# Work required
Your output should be exactly the lines from the one containing "Great Smoky Mountains_022 - July 22, 2021" through the final line of the following data, please, with no pictures.

(Collected material Opens)

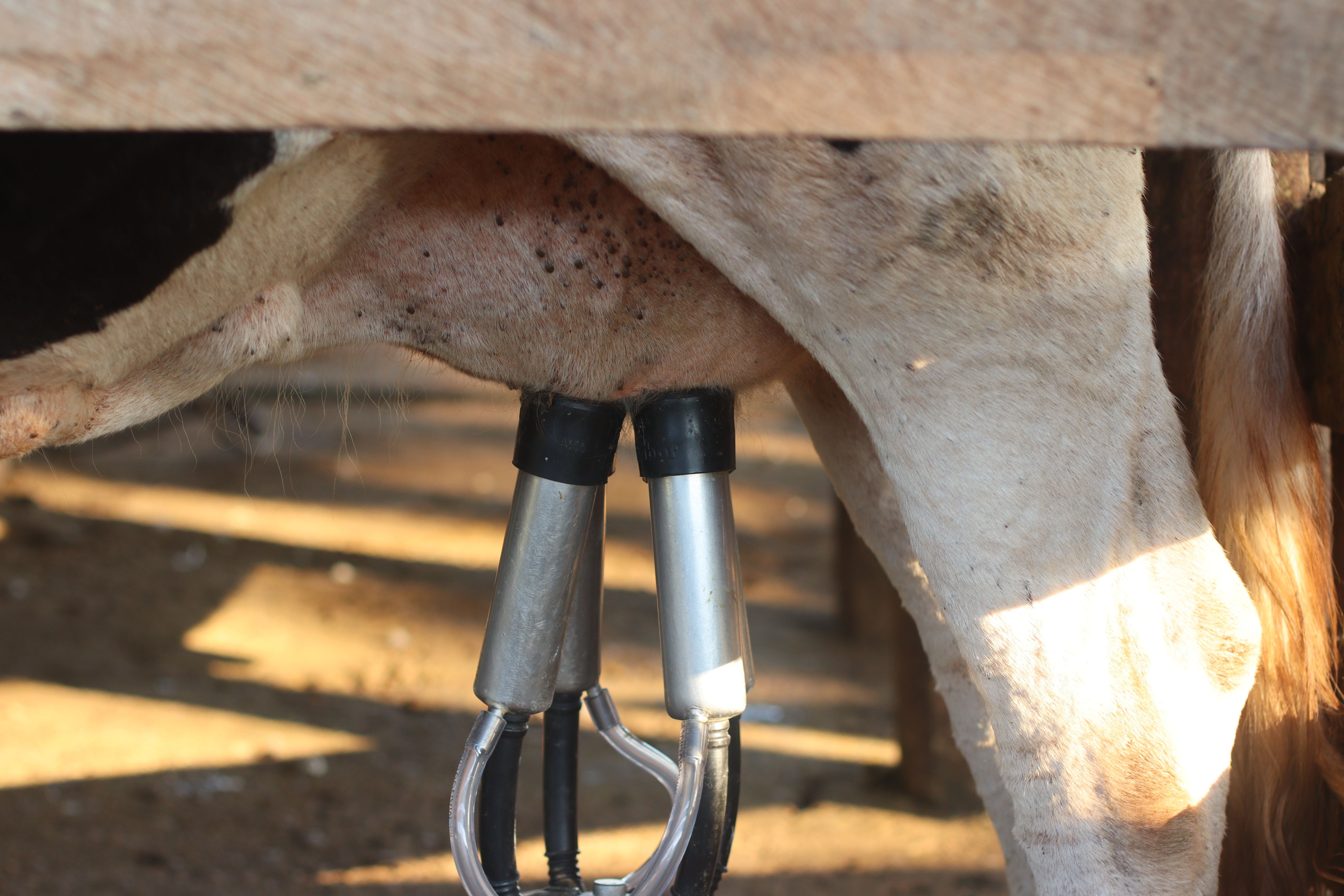 Milk production  is one of the most important activities of the farm, where each stage of work affects both the quality of the milk and the overall performance 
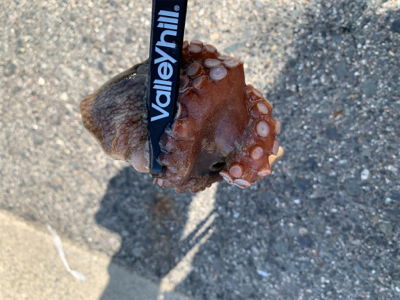 暑いけど釣れた!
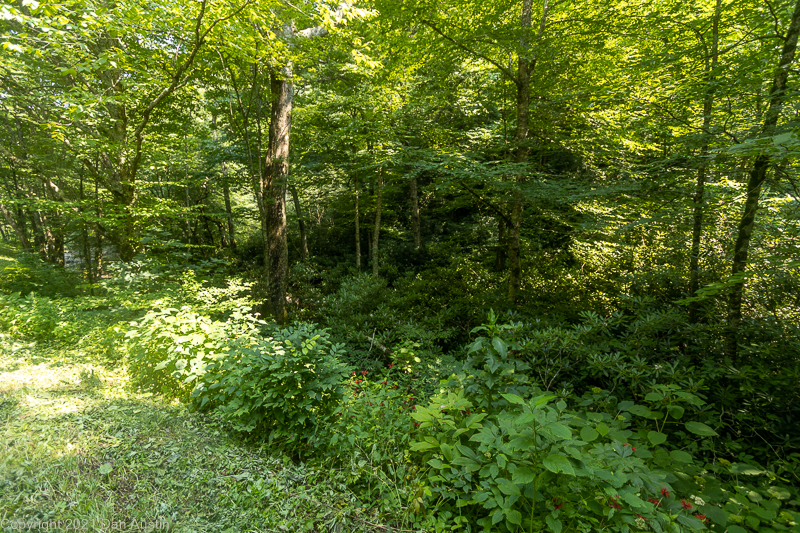 Great Smoky Mountains_022 - July 22, 2021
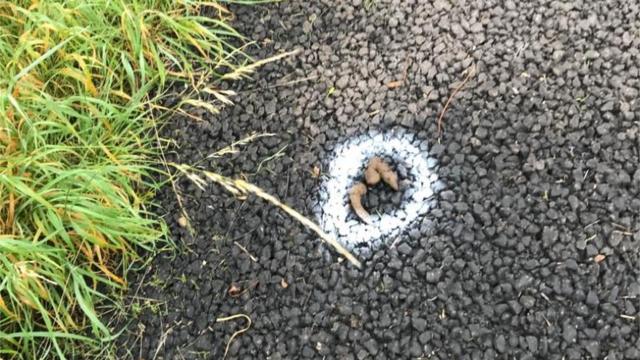 Dog poo painter told to cease and desist by owner BBC News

(Collected material Closes)

# Written response
 Great Smoky Mountains_022 - July 22, 2021
 Dog poo painter told to cease and desist by owner BBC News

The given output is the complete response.